Data to process Block Start

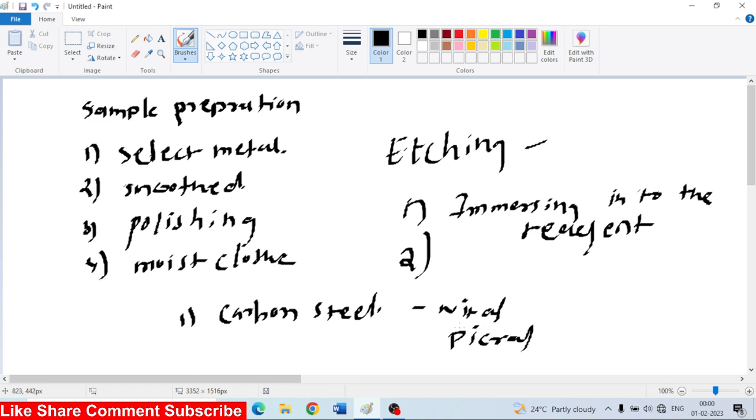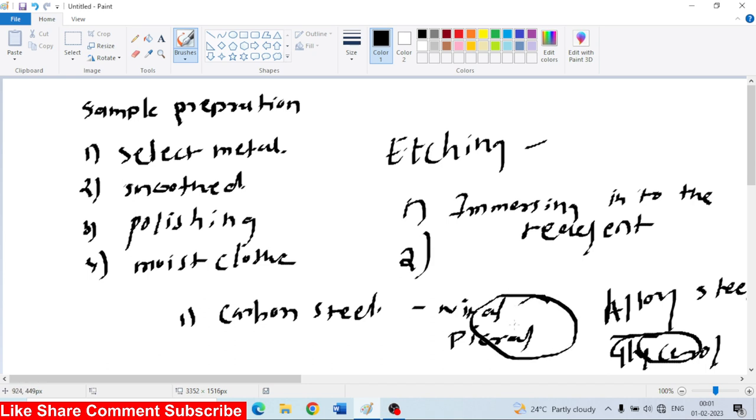The second etching reagent is Picral. Picral is used for alloy steels. Another etching reagent is Glycerol, which is also an etching reagent.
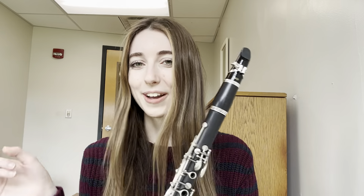Hi friends! The song you just heard is called The Lost Lady Found, and it is a folk song from across the pond in England. Today I'm going to teach you how to play it on your clarinet, but first we are going to sing it.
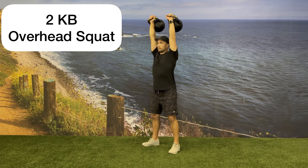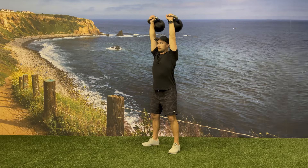Begin with one kettlebell on each hand in the overhead position. Have your feet about hip-width apart in a comfortable squat width.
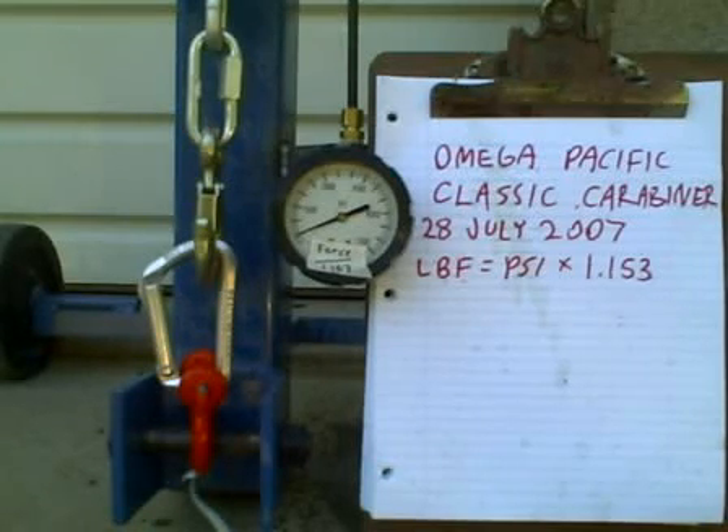All right, it's Break-A-Tron. We're back. It's 28 July 2007, and today we're testing an Omega Pacific Classic Carabiner. Remember, the pounds force we're applying to our test article is what you see on the gauge in PSI times 1.153.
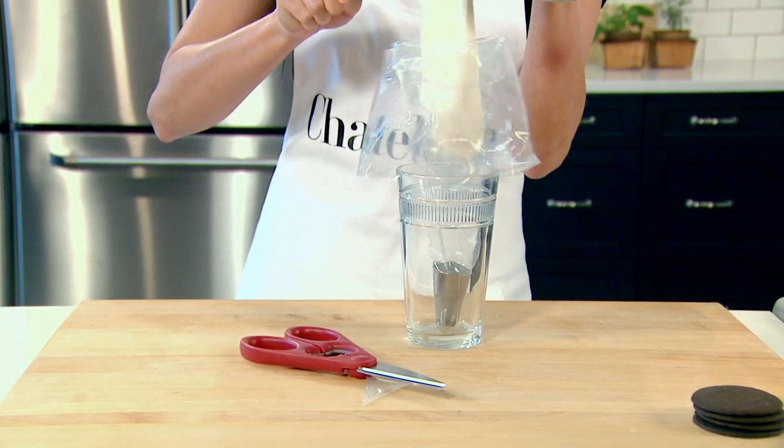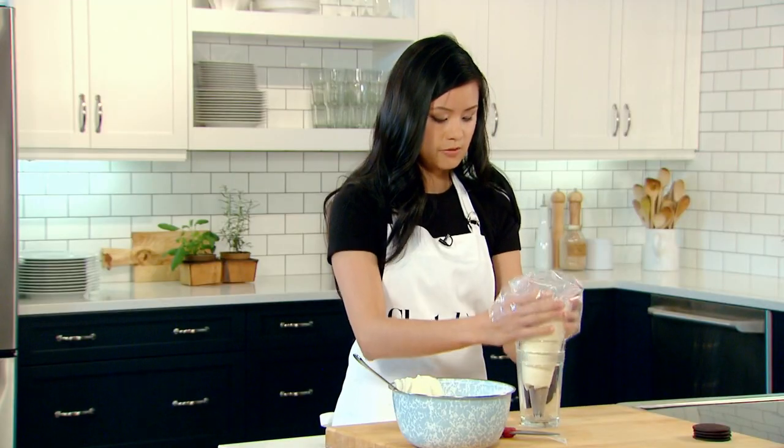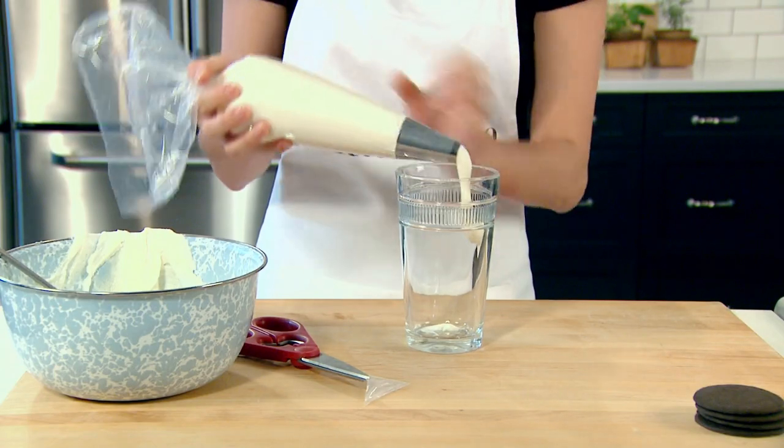So now I'm going to go ahead and add my frosting. I'll lift up the bag, pull up the sides, and give it a nice twist at the end here.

Data to process Block End

Exercise objective
Reproduce the material above in full and without alteration, but skip all pictures.

Problem solution
The second etching reagent is Picral. Picral is used for alloy steels. Another etching reagent is Glycerol, which is also an etching reagent.
Hi friends! The song you just heard is called The Lost Lady Found, and it is a folk song from across the pond in England. Today I'm going to teach you how to play it on your clarinet, but first we are going to sing it.
Begin with one kettlebell on each hand in the overhead position. Have your feet about hip-width apart in a comfortable squat width.
All right, it's Break-A-Tron. We're back. It's 28 July 2007, and today we're testing an Omega Pacific Classic Carabiner. Remember, the pounds force we're applying to our test article is what you see on the gauge in PSI times 1.153.
So now I'm going to go ahead and add my frosting. I'll lift up the bag, pull up the sides, and give it a nice twist at the end here.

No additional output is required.